[Image-text web data]
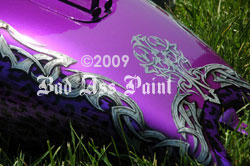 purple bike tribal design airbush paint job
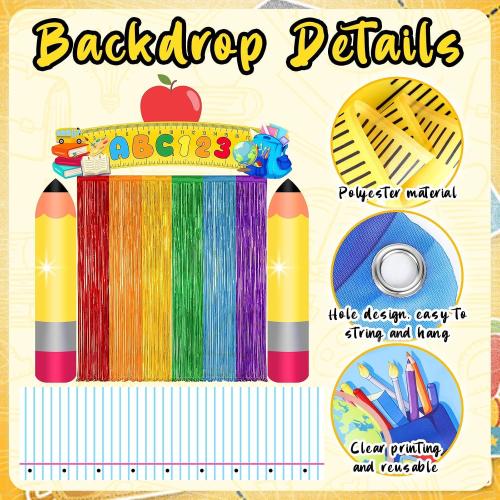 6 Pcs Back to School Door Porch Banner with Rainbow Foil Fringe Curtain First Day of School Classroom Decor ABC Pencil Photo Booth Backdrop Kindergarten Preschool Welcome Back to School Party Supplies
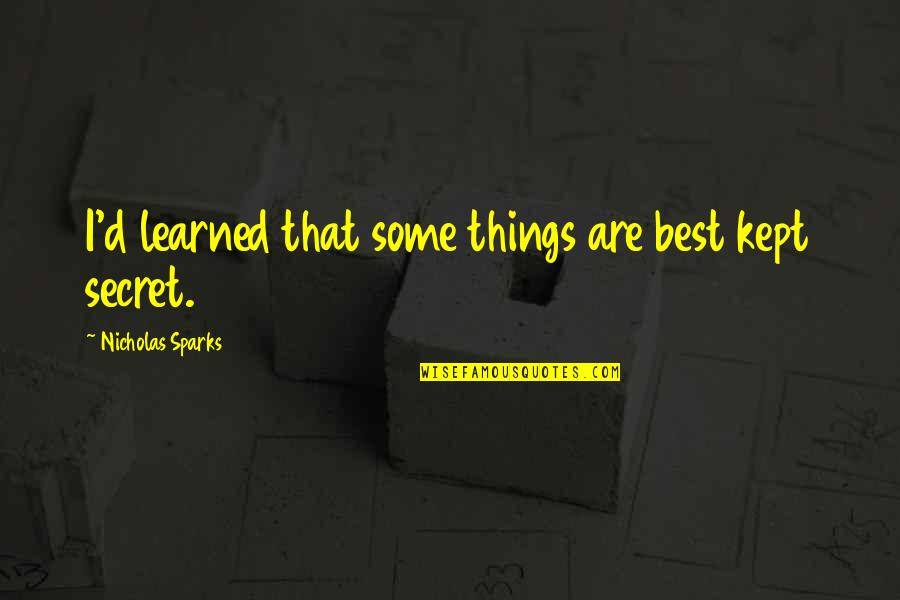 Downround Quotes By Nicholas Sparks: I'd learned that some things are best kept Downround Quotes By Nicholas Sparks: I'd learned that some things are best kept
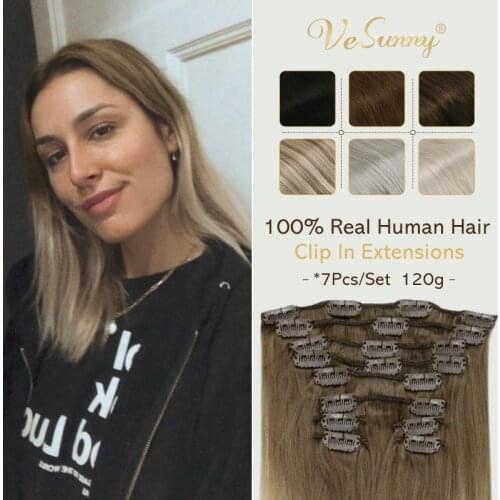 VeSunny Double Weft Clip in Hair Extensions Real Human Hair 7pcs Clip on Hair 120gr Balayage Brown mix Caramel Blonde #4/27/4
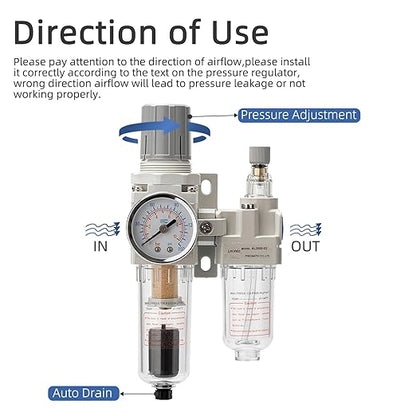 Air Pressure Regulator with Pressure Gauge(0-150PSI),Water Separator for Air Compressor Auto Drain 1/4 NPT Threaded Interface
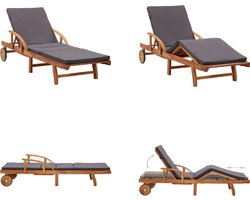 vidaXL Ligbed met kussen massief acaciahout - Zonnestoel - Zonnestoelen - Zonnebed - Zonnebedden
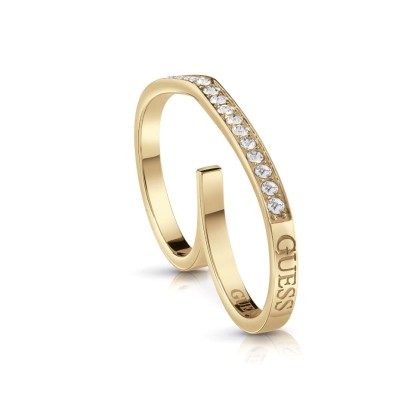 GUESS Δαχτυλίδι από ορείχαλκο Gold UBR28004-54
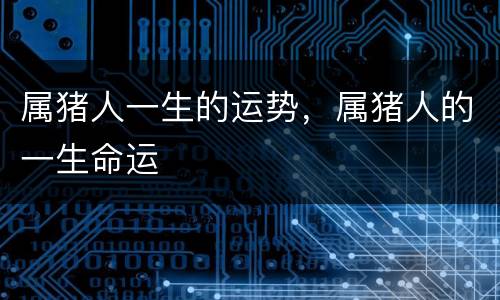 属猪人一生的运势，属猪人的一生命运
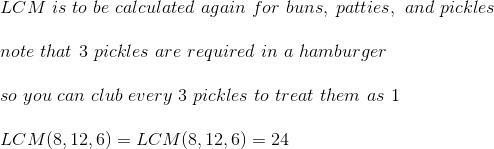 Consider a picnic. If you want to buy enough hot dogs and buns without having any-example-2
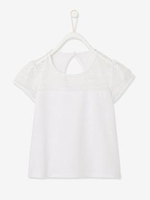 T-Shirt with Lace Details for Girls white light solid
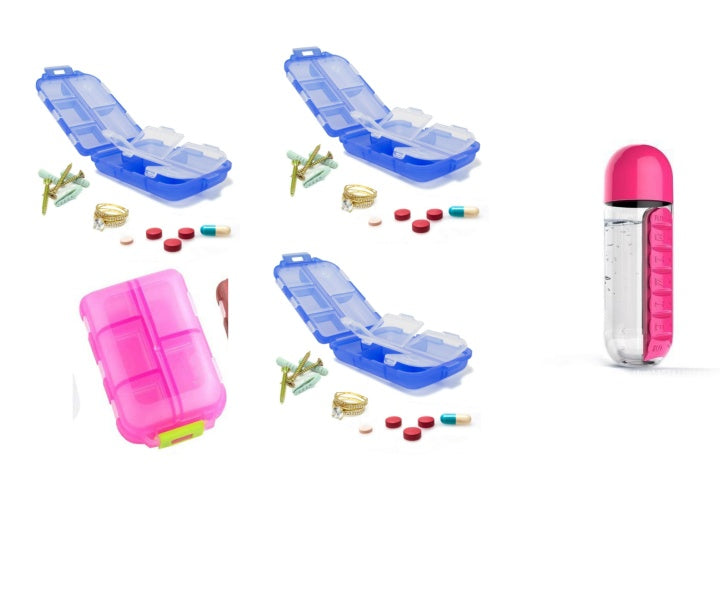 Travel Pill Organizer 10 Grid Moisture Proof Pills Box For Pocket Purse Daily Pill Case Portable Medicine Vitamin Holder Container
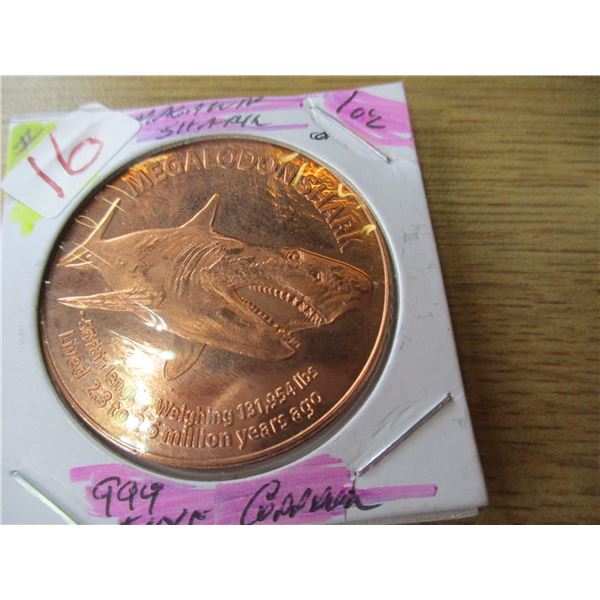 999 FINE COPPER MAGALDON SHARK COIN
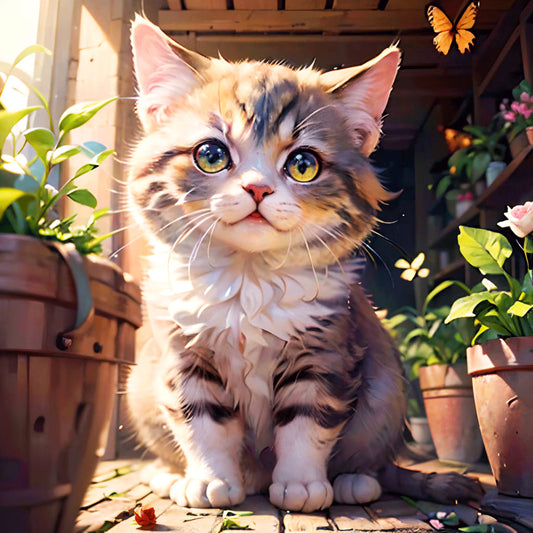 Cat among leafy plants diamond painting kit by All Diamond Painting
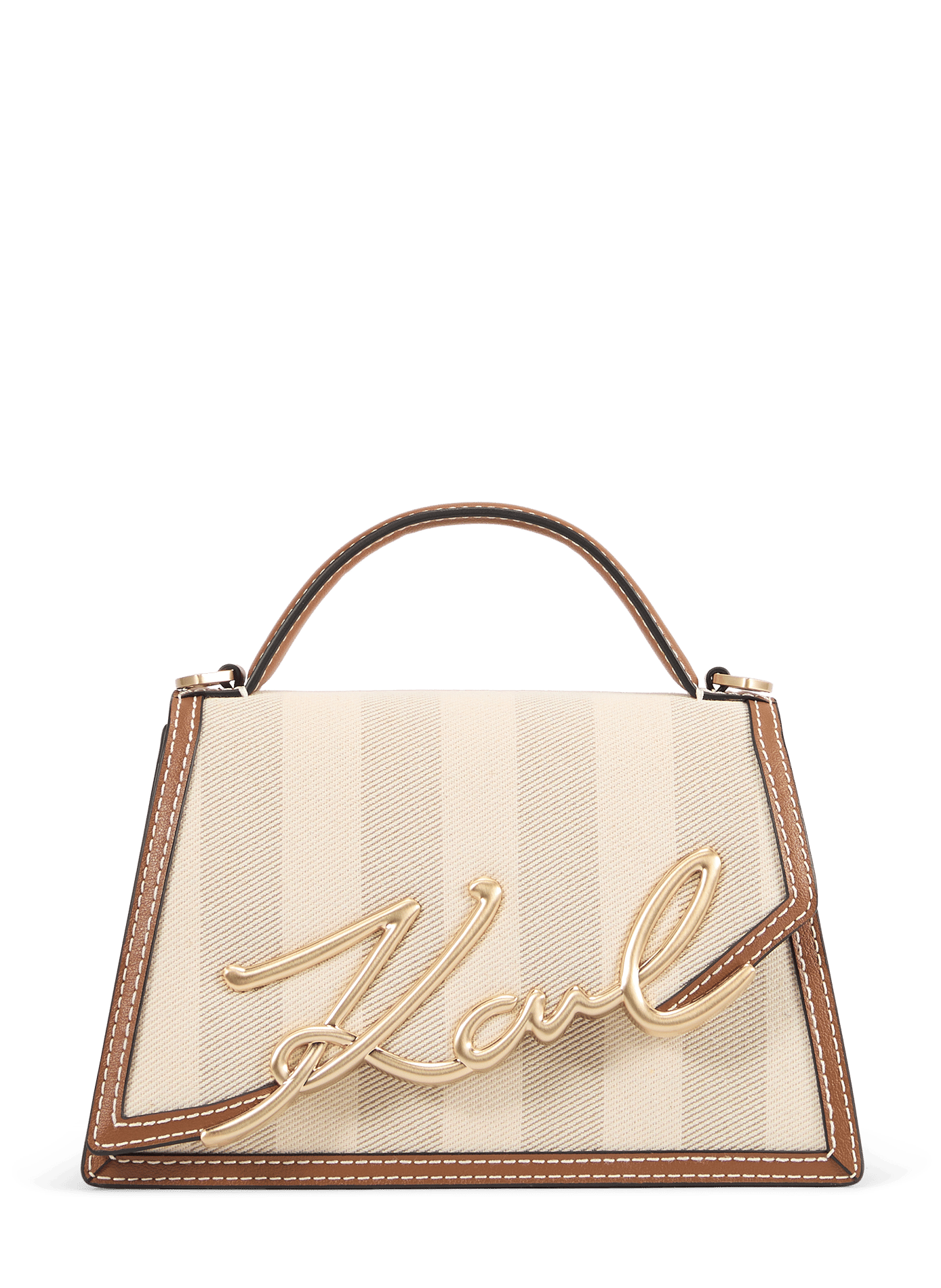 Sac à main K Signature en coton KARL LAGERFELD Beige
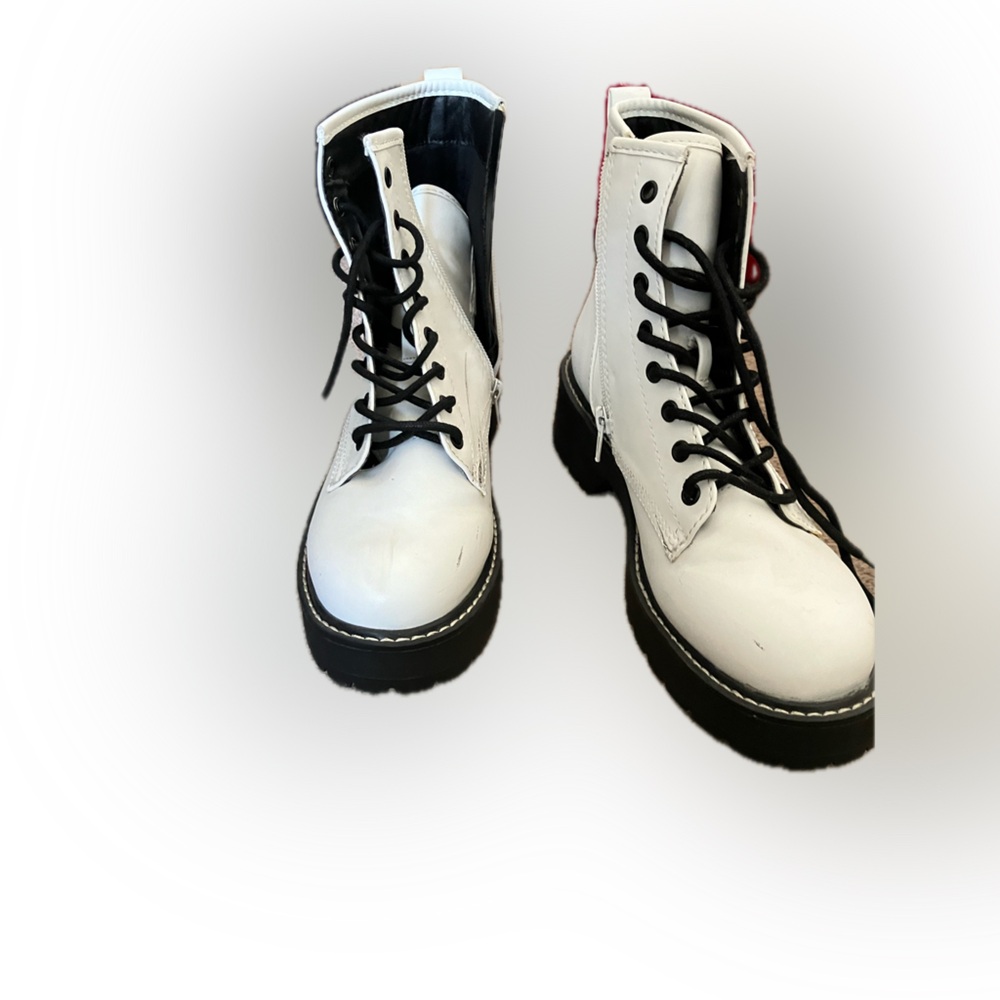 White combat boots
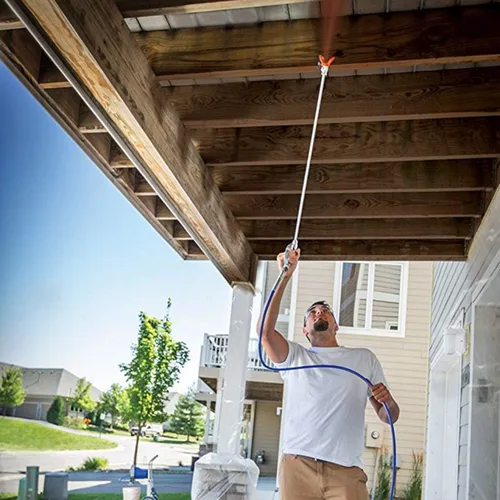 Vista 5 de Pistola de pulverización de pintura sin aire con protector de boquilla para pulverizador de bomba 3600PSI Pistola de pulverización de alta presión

Task to carry out
All lines between the one that contains "T-Shirt with Lace" and the end of the records above, both included, are to be returned exactly as they stand, except for pictures, which are omitted.

Solution for this task
 T-Shirt with Lace Details for Girls white light solid
 Travel Pill Organizer 10 Grid Moisture Proof Pills Box For Pocket Purse Daily Pill Case Portable Medicine Vitamin Holder Container
 999 FINE COPPER MAGALDON SHARK COIN
 Cat among leafy plants diamond painting kit by All Diamond Painting
 Sac à main K Signature en coton KARL LAGERFELD Beige
 White combat boots
 Vista 5 de Pistola de pulverización de pintura sin aire con protector de boquilla para pulverizador de bomba 3600PSI Pistola de pulverización de alta presión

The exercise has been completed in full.